La sociedad es siempre más fuerte que todos nosotros: se desembaraza fácilmente de los individuos que le resultan molestos. Mas en muchos casos es el individuo el que tiene razón: es entonces el representante de una sociedad mejor. Al rebelarse asó contra la sociedad, cumple a veces con su verdadero deber social.
Para que la vida prosiga es preciso que los hombres consientan, todos los días, durante largas horas, en convertirse en verdaderas máquinas. Pero la máquina no lo ses todo. Convierte en autómatas y maniáticos a aquellos que tienen como tarea enriquecer la vida interior de los seres jóvenes. Desde hace treinta y tres años enseño a mis alumnos matemáticas elementales. Todos los años, todos los días, recito reglas y fórmulas inmutables. (No hace falta que diga que mis digresiones son contrarias al Reglamento.) hay frases que tuve que pronunciar tantas veces que el hastío que siento las retiene a menudo en mis labios.
El Estado no ofrece a quienes instruyen a los escolares ocasión de renovar su tarea y de rejuvenecer de esta manera su pensamiento. ¿Consiste su base en transmitir entusiasmo a los jóvenes? no, el entusiasmo es peligroso.
por mi parte, me gustan los inicios, las salidas, los impulsos renovados.

¡Ah, qué perfume desprenden las flores primeras!

Todos los días he de hablarles a los niños que me confían de cosas que ocuparán un lugar insignificante en sus vidas. En el fondo de mi corazón, perdono a los "perezosos" que encuentran aburrido todo este asunto. Para llamar su atención debo hacer ruido y gastar muchas dosis de buen humor. La escuela comete el grave error de enseñar a todo demasiadas cosas que son sólo interesantes para determinados especialistas. se dice que el niño debe aprender a obedecer. ¡De acuerdo! Pero a cambio de que los adultos aprendan a mandar de manera razonable.
Estaba hecho para que me gustara el oficio que ejerzo.

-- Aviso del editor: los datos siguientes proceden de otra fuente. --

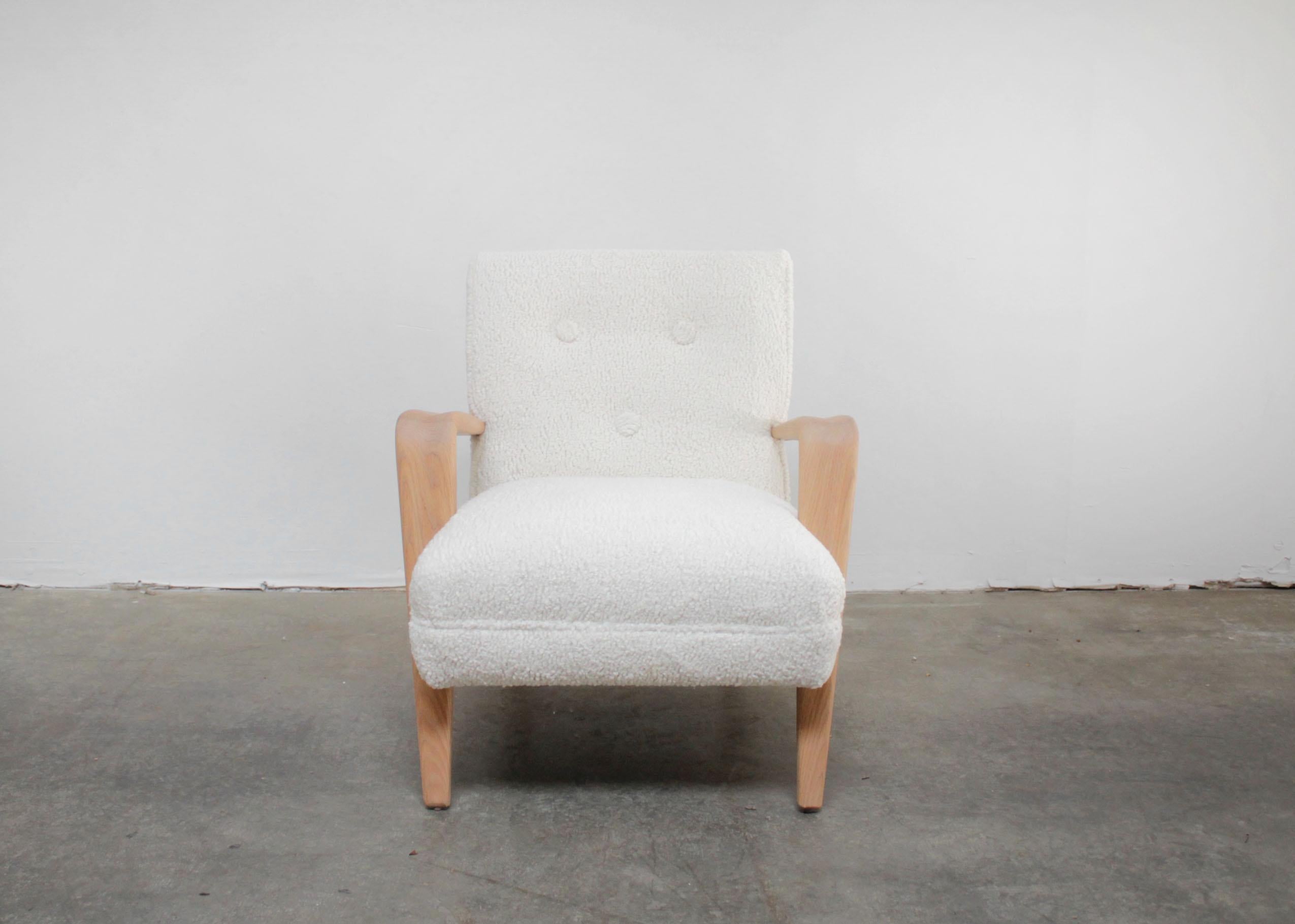 Vintage modern style chair with white oak arms and faux sheep upholstery
This chair is available, with a 6- 8 week lead time.
Upholstered in a faux sheep material, can be upholstered in any of our linens, leathers, mohairs, or COM
Size:
27.5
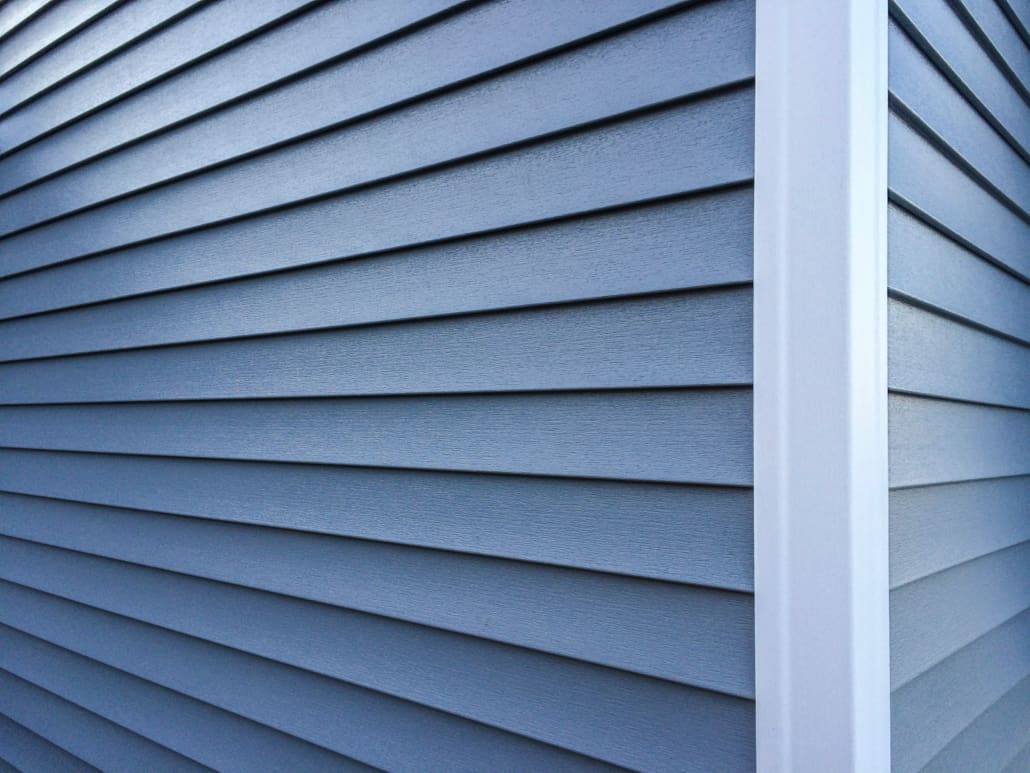 Blue vinyl siding with white trim on the outside wall of a new h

Y, además, mi sentido de la cordialidad hubiera sido verdaderamente eficaz si, en lugar de ser el maestro de mis alumnos, hubiera podido ser su entrenador. Me deprimiría menos la perspectiva de volver a dar mis lecciones si lo que me pagan me dijeran: "Dé a estos niños lo mejor de su pensamiento". no tengo nada en común con esos funcionarios que se sienten orgullosos de se una "rueda" más del engranaje social. Necesito emocionarme con las verdades que enseño.